The rise of independent FM stations has proved a headache for ruling parties keen to steal votes, but the biggest disruptions have come with the internet, the growth of social media, and smartphones.
This has allowed voters and local observers to photograph results sheets and acts of voter fraud, and send out text messages of the count. They are shared online and distributed on social media like Facebook and Twitter, and encrypted instant messaging platforms such as WhatsApp.
Not only is it making it more difficult for incumbents and their ruling parties to cheat elections, but perhaps the bigger problem is that these hard-to-control messages provide a powerful narrative of illegitimacy and a permanent record on the web that governments can’t seize back, even if they are able to prevail at the elections.
In the past, opposition parties’ attempts to set up independent tallying centres, have been easily disrupted. The mobile phone and internet have overcome that.
These shutdowns are, therefore, likely to increase, rather than end. At the end of 2015, 46% of the population in Africa subscribed to mobile services, equivalent to more than half a billion people. Over the next five years, an additional 168 million people will be connected by mobile services across Africa, reaching 725 million unique subscribers by 2020.

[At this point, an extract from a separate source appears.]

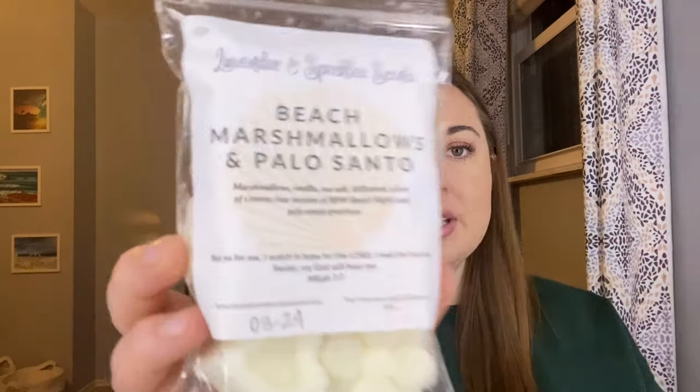So first one is Beach Marshmallow and Palo Santo. This one is marshmallow, vanilla, sea salt, driftwood, a hint of s'mores — her version of Bath and Body Works Beach Nights and Palo Santo. I have had this one before and I really, really enjoyed it, so since it was offered, I wanted to get it again. I really love her palo and I really love her beach marshmallow, and the combination of the two is just perfection. You get the smoky woodsy palo but you get the creaminess of that beach nights. I love this. If you like palo, if you like beach nights, highly recommend this one.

Meanwhile, the number of smartphone connections across the continent almost doubled over the last two years, reaching 226 million, according to GSMA’s report on Africa’s mobile economy.
While the voting will still be done with paper – or marbles – in ballot booths for many years to come, the winners of future African elections will increasingly be decided over smartphones, social media, and the internet. This is because many times it is not the voters who decide the winner, but those who count and announce the results.
Governments will therefore certainly move a lot more resources to control the internet, and the opposition and activists will also spend a lot more energy and innovations to subvert them in cyberspace. Expect the battle to be furious – and ugly.
*The internet was opened Friday after the shock defeat of Jammeh.